MEMOLAB targets the acquisition of the methodology of experimental design in psychology. Nowadays, this methodology is taught in most universities by presenting methodological principles and by discussing experiments from the literature. Students have no real design experience until they have to create an experience with real subjects for their own thesis. At that stage, any mistake in the experimental plan becomes very costly. This strategy for training psychologists could be compared to asking future pilots to fly real aircraft immediately after theory courses, skipping the flight simulator stage. MEMOLAB is an artificial lab where future psychologists can experience (some aspects of) experimental design, without facing the risk of spoiling their subjects. In Memolab, the experimental subject domain is the study of human memory. Basically, the learner's activities form a cycle: design an experiment, run it, and analyze the output data. Here is an example of an experiment that the learner can design: two groups of subjects will study a list of 20 words, and then later on try to remember these words. Between the encoding and the recall, the first group will wait during 10 seconds, while the second group will wait for 40 seconds. The comparison of their recall performance indicates the effect of the delay length. This experiment is illustrated by Figure 1. It illustrates how the learner designs an experiment within the first lab (we will see later that MEMOLAB includes several labs). An experiment is constructed by positioning a set of events on a workbench. The vertical axis represents the time dimension. The activities of a particular group of subjects are vertically aligned: In our example, they first encode some material, then there is some delay and then some attempt to recall what they studied before. When an experiment has been fully designed, the learner may ask to simulate the results. The working details of the simulation are described in Appendix I: "The Simulation" (page 21).

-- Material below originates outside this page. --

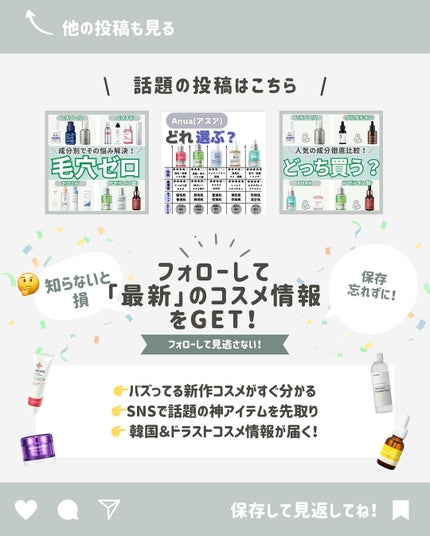 はく|韓流美容男子🧴フォロバ100 on LIPS 「メガ割で失敗したくない人へ⚡これ買えば“美白・毛穴・ニキビ”ま..」(9枚目)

Figure 1: The learner builds an experiment (at level 1) by assembling `events' on the workbench. An event defines the task (read, listen, recall, wait,...) of a group of subjects using some material (e.g. a list of 12 words). Panes on both sides of the workbench provide libraries where the learner builds and select the components that he assembles on the workbench.
Any psychological or pedagogical theory investigates learning from a specific viewpoint. For instance, some of them pay attention to the effect of practice, but neglect the importance of understanding. Some concentrate on discovery, and forget about imitation. However, when one observes an actual learning process, it becomes clear that learning does not result from a single activity but from the integration of multiple activities, based on multiple sources of information. A learning environment must takes this complexity into account by offering a wide range of learning resources that will accommodate the variety of individual learning styles and learning needs. Therefore MEMOLAB includes several tools:
The richness of a learning environment is not only a function of the number of tools but of the extent to which those tools are integrated. We made this integration possible by using a homogeneous object-oriented internal representation scheme. Let us illustrate this with the simulation. The results of an experiment are computed by analogy with those of similar experiments (see Appendix I: "The Simulation" (page 21)). MEMOLAB explains how the results have been computed referring to these experiments (`Simulation Trace'). As illustrated by Figure 3, the learner may double-click on one of these references and jump directly into the hypertext node where the referenced experiment is described. The hypertext is also connected with the rule-based agents (see section 4.4. on page 11 and section 5. on page 15). Most current research on hypertext systems has so far been concerned with the features of the hypertext itself. The originality of our approach is to have considered the place of the hypertext within a complex system, to situate the information search within a context that makes this information useful. The architecture of our hypertext is described in Appendix II: "The Integrated Hypertext" (page 26).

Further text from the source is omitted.